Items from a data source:
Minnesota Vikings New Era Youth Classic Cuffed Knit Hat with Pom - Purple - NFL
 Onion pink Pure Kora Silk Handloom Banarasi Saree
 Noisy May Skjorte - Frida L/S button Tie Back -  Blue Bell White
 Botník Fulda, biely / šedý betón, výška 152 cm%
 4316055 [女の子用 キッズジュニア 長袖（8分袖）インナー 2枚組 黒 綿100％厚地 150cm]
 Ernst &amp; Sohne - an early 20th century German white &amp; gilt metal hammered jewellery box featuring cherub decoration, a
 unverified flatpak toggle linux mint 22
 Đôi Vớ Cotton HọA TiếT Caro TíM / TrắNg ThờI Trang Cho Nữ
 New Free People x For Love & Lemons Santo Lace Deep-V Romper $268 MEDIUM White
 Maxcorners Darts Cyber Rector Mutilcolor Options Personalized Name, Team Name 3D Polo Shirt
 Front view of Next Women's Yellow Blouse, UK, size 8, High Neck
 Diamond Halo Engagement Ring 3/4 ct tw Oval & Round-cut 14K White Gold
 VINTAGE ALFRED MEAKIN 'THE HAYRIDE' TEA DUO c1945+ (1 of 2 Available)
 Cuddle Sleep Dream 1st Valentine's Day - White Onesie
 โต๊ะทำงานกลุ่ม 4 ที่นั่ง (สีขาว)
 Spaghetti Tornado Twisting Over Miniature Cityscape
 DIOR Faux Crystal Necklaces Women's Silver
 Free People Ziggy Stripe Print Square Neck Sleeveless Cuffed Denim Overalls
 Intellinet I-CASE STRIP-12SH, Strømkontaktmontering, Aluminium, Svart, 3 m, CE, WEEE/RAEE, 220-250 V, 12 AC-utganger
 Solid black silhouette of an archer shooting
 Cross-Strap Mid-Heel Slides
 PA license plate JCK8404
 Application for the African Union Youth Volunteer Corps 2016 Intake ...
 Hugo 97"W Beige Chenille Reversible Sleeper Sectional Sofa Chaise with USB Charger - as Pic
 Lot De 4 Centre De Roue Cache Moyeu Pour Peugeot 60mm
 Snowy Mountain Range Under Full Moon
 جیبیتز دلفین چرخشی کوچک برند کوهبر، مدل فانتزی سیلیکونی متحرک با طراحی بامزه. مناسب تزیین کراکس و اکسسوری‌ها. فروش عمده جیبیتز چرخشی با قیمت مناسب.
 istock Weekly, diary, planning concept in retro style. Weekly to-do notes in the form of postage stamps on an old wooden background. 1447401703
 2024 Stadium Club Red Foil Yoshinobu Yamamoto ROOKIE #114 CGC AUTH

Exercise:
Only a number belongs in the answer: the number of lines in the preceding data that hold "People".

Response area:
2